In financial terms, optimism bias is a belief that bad investment results can happen to others, but not to you. This belief often leads investors to have an excessive allocation to an investment. Their overly optimistic view led the investors to purchase more and more cryptocurrencies without much (if any) consideration for the total at risk. Even to the extent of taking out a loan to purchase more cryptocurrency.
It is easy to play armchair quarterback and assert that the investors were simply too greedy, or they should have known better than to invest when cryptocurrencies were skyrocketing, as some have suggested. But, do you really think that they would have invested heavily in something that they thought there was even a 1 in 3 chance of losing 60%, or more?
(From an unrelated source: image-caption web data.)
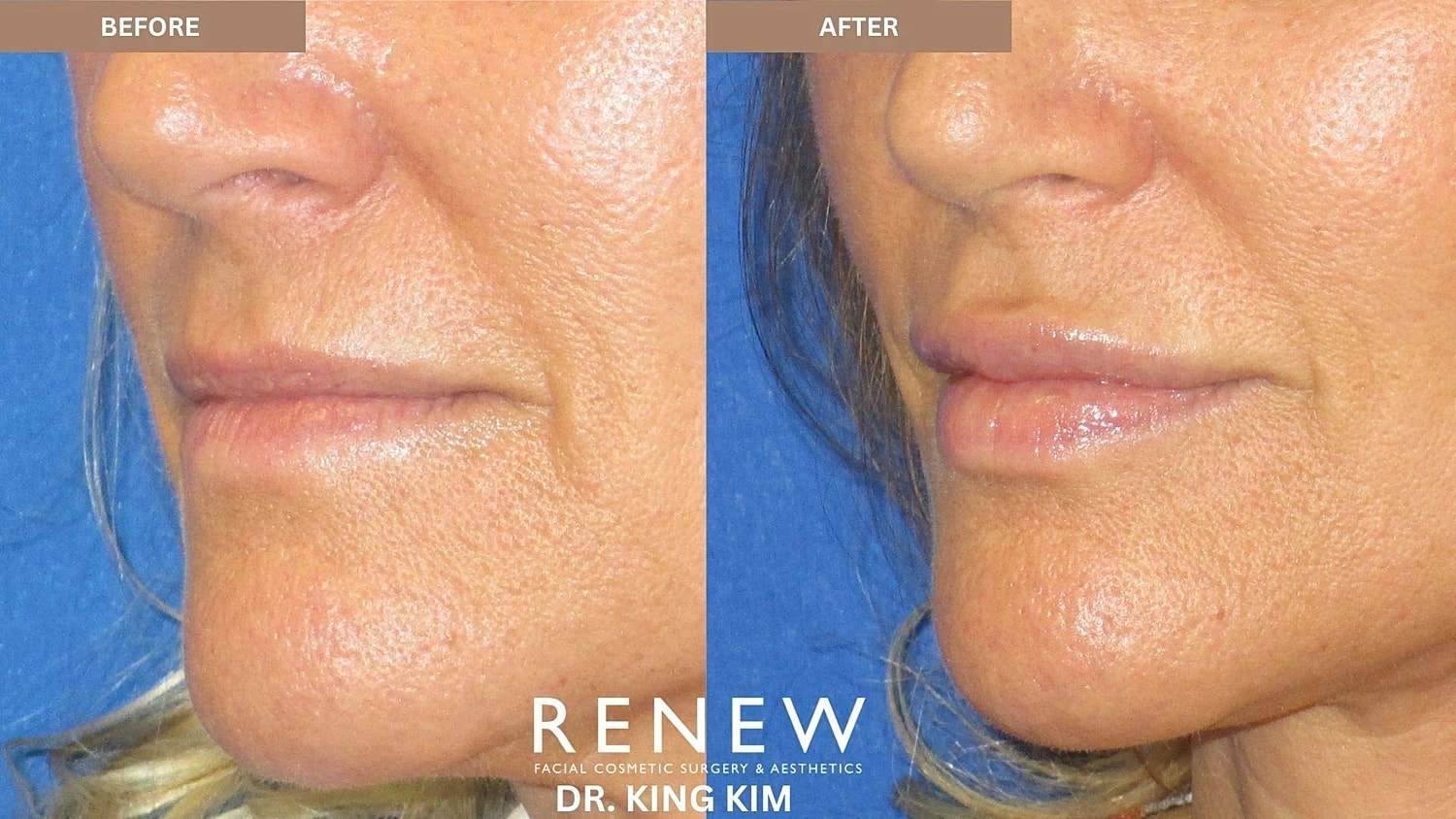 Lips Before & After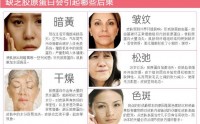 小分子肽可以补充胶原蛋白吗？鱼胶原蛋白肽对皮肤的养护作用！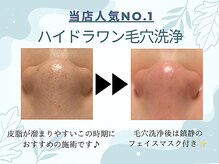 クリアボックス(Clear box)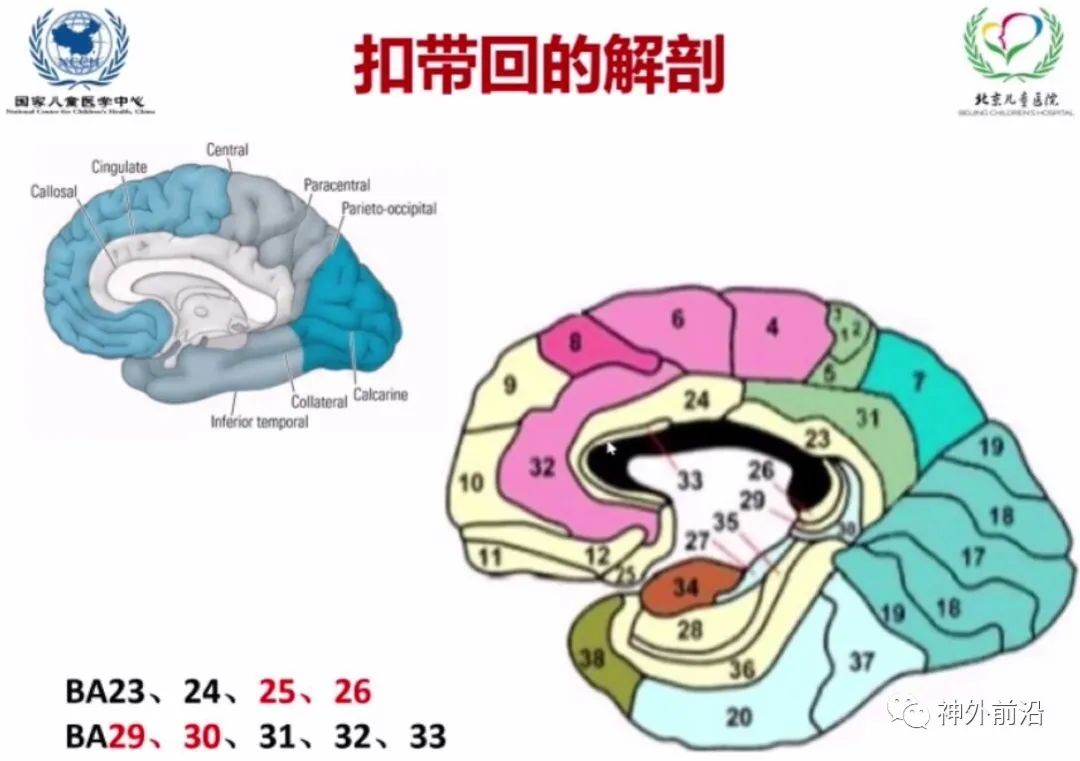 Cingulate Cortex Epilepsy and Surgical Treatment
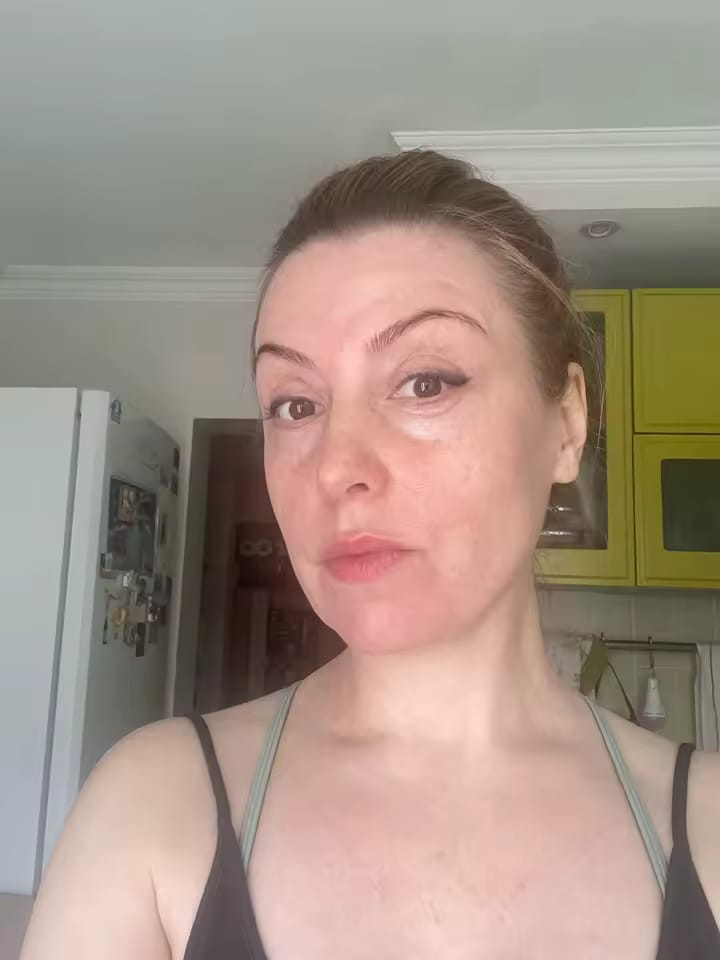 Customer photo review of CollaGlow - 30 Tage Kollagen-Kur
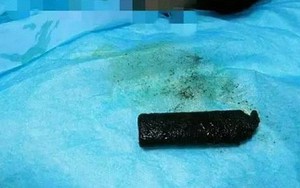 Bác sĩ lấy ra chiếc bật lửa bệnh nhân đã nuốt 20 năm trước, kết quả sẽ khiến bạn thực sự rùng mình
They were so optimistic about cryptocurrencies that I’d bet some of them thought there wasn’t any potential for loses…Zero. The others probably thought there was very little chance that cryptocurrencies would lose value.
While it’s probably not the case for the 20 somethings in the article, many people have been financially ruined due to optimism bias. An employee having a large portion of company stock in their company retirement plan is an example of optimism bias. According to a recent article by FORTUNE, many of the GE employees purchased a large amount of the company’s stock in their 401(k) retirement plan. Since the beginning of 2016, the share price of GE has fallen almost 60%. The article goes on to list other major employers whose employees are purchasing a large amount of company stock in their retirement plans. Some of the top companies listed include Sherwin Williams, Colgate Palmolive, Exxon, Lowe’s Home Improvement, Dillard’s and McDonalds. And who could forget the employees of Enron who lost their job and retirement savings in a New York minute back in 2001.
Fortunately, optimism bias is easily avoidable. One way is to make it a rule of thumb that no single company stock or asset (ie: Apple, Exxon, Bitcoin, Gold, etc..) will make up more than 10% of your total investments. For instance, let’s say you have $400,000 in diversified investments and $100,000 in savings and you would like to take a gamble on Bitcoin. If you limit your Bitcoin investment to $50,000 or less, you won’t be financially ruined if you lose it. Mad…yes. Ruined…no.
Also, if you are able to purchase employer stock in your 401(k) retirement plan, (ie: you work for GE and are able to purchase GE stock in your company retirement plan) then you should consider limiting your purchase of your employer’s stock even further. Something around 5% to 7%. Holding a large amount of employer stock significantly increases your risk. A negative event for the company could result in the loss your job and your retirement savings at the same time.
Optimism bias can lead to financial ruin, but it easily avoidable. With our investment markets close to all-time highs, now is a great time to take a look at your total portfolio and make sure that you are not subject to a major setback due to an over-sized investment.